What’s the sum of the Fibonacci numbers \(F_0+F_1+F_2+...+F_n\)?
What’s the sum \(\frac{F_2}{F_1}+\frac{F_4}{F_2}+\frac{F_6}{F_3}+...+\frac{F_{18}}{F_9}+\frac{F_{20}}{F_{10}}\)?
Is \(F_{100}\) a multiple of \(3\)?
We have a sequence where the first term (\(x_1\)) is equal to \(2\), and each term is \(1\) minus the reciprocal of the previous term (which we can write as \(x_{n+1}=1-\frac{1}{x_n}\)).
What’s \(x_{57}\)?
Let \(n\) be a positive integer.
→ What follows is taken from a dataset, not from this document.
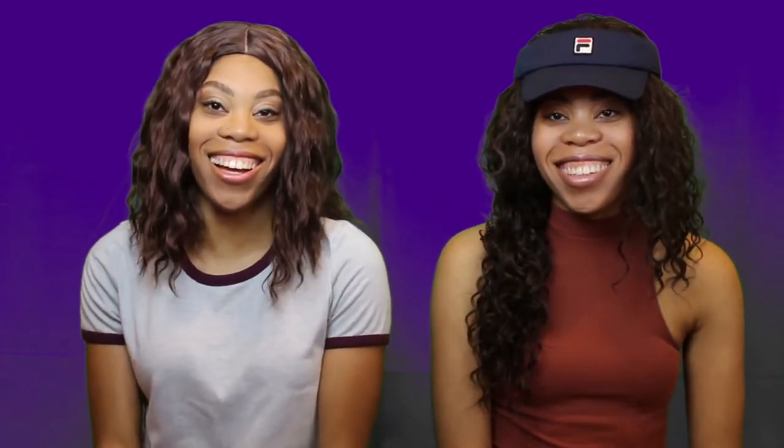I'm Brie. I'm Brett. And today we're going to be showing you guys the clothes that we got for Back to School. So I'm going to show my stuff first and then Brett's going to show her stuff.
Can \(n^7-77\) ever be a Fibonacci number?
Prove that every pair of consecutive Fibonacci numbers are coprime. That is, they share no common factors other than 1.
Calculate the following: \(F_1^2-F_0F_2\), \(F_2^2-F_1F_3\), \(F_3^2-F_2F_4\), \(F_4^2-F_3F_5\) and \(F_5^2-F_4F_6\). What do you notice?
Work out \(F_3^2-F_0F_6\), \(F_4^2-F_1F_7\), \(F_5^2-F_2F_8\) and \(F_6^2-F_3F_9\). What pattern do you spot?
Can every whole number be written as the sum of two Fibonacci numbers? If yes, then prove it. If not, then give an example of a number that can’t be. The two Fibonacci numbers don’t have to be different.